I think it's interesting that you blame his parents for everything but don't give him much responsibility. ..
Consider: whose fault is it that his parents didn't get to know you?
You imply that they made no effort, but isn't it also possible that he was hiding you from them?
You talk about how they control his life and he needs to (my words) Man Up and act like an adult.
I don’t disagree.
I see where they can be a little controlling, but it's not like he's taking control either.
I can understand them being worried that his relationship with you has pulled him off track because ... well... it has.
But in my opinion that's your boyfriend's fault more than anyone else's.
Out of all of you ... you, his parents.... he's the only one who had all of the information.
He knew he shouldn't be doing what he was doing, he knew he needed to be focused on going on a mission, and he knew that he was keeping you away from his parents.
Do you see what I'm talking about?
He knew his parents, fairly or not, would have negative feelings towards you; he knew that they would see you as keeping him from a mission. I think he put you, and them, in a very difficult position.
That doesn't sound very manly or mature to me.
So ... that said, I see this relationship going one of the following ways:
1. He bails on the mission, struggles with his relationship with God, and you don't end up together
2. No mission and you do get married, not in the Temple for Time and All Eternity, and it takes a long time for his parents to like you; if you join the Church someday (you're sincere when you do and you do it for you) and eventually get sealed in the Temple that will help them come around if they haven't already
3. He goes on the mission, can't handle it (or shouldn't have gone - likely because he didn't come clean in the interviews) and we're back to 1 or 2. In this scenario if he comes back to you it will be to use you ... and that makes this one the worst.
4. He goes, serves God honorably, comes home ready to get married in the Temple, you're ready to go there too, you two REALLY fall in love and it's Happily Ever After
5. He goes. You join the Church while he's gone. Because you both wisely promised each other that all bets are off, and that you're going to date other people while he's gone, you find someone else and marry the new guy instead.
Of those five scenarios, the only ones I like are 4 & 5 (no surprise) because they're the ones that end with you Eternally married. Statistically speaking, 1 and 5 are the most likely. Give that some serious thought. Clearly you two are so strongly (forgive me) "attracted" to each other that you're not going to be able to keep your hands off each other when you're alone together.
If he's trying to go on a mission then Satan will work on making the temptations even stronger.

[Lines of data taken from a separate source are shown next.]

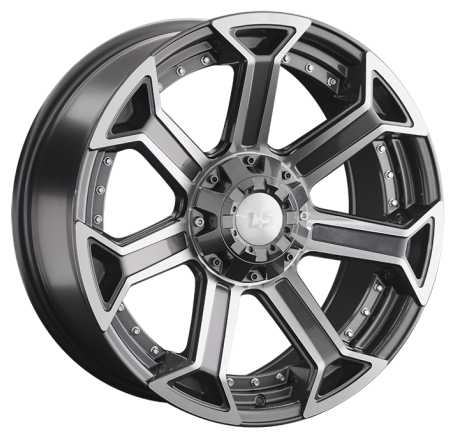 Колесный диск LS Wheels 1293 9,0x20/6x139,7 ET25 D67,1 GMF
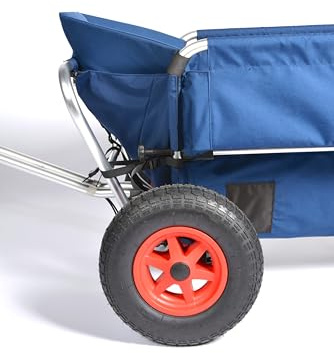 Rambler Explorer Kindersitz (Blau) - Sicher & Bequem für Kinder von 8 Monaten bis 4 Jahren, Kompatibel mit dem Rambler Explorer Wagen (65, 80, 120), mit 3-Punkt-Sicherheitsgurt.
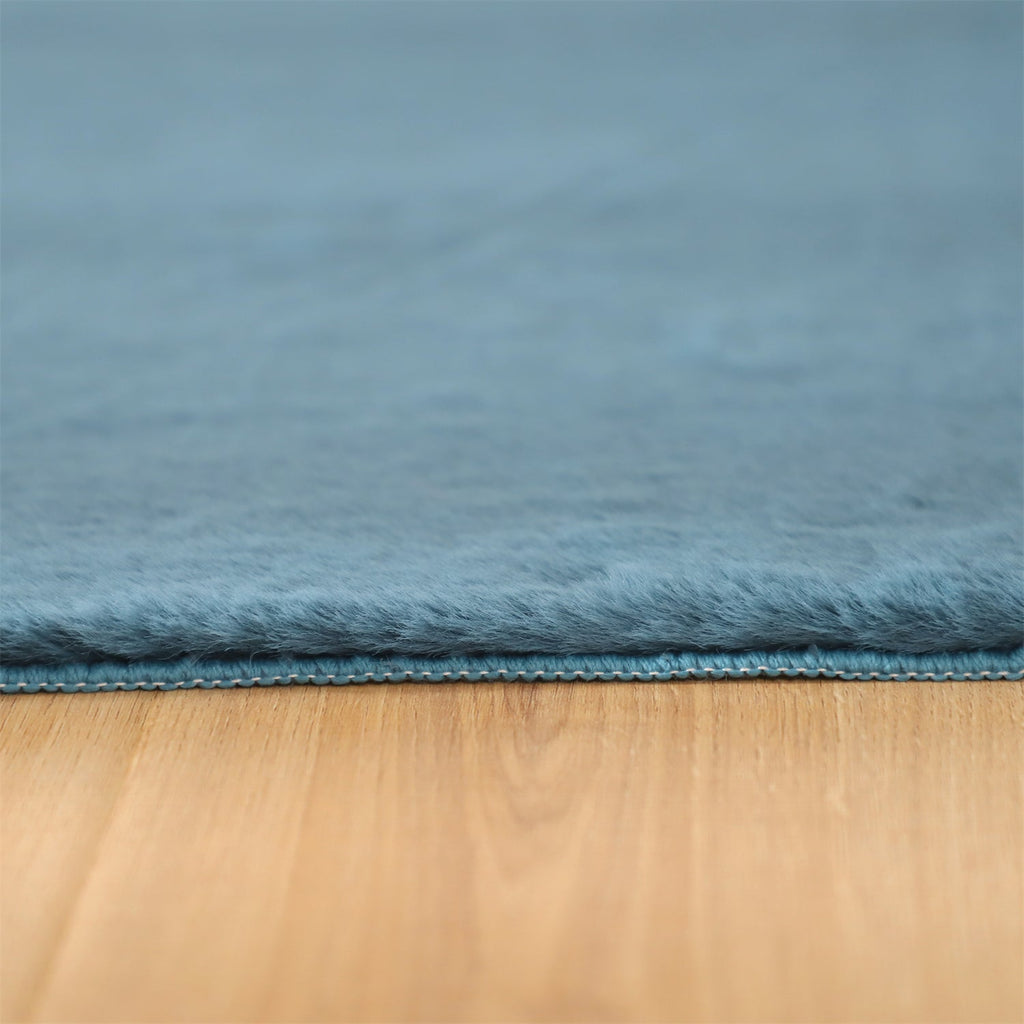 Kasentex Spring Fluffy Elegant Faux Fur Area Rugs, Ultra Soft, Room Decor, Graduation Gifts, Fathers Day Gift, Mom Gift, Easter Gift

That means that for him to go on a mission you two have to be chaperoned or apart. And apart has the better chance of success.
Let me give you one more truth to ponder: when a guy does something he knows he shouldn't do and the end result is that he has sex, you can be assured that was exactly why he did it.
Not because he was "in love".
So the best thing for you is to get out of this relationship.
(Sister Jo agrees. She also says, btw, that she thinks he either won't go or he'll get sent home. Neither of which, she says, is good for you.)
Beyond that ... I guess the next thing for you to think about is: are you ready to more seriously consider the Church?
I'm sorry if this wasn't what you wanted to hear, but I care for and respect you too much not to tell you straight how what I honestly think.
Good luck.
Keep me posted.
And feel free to email any time about anything.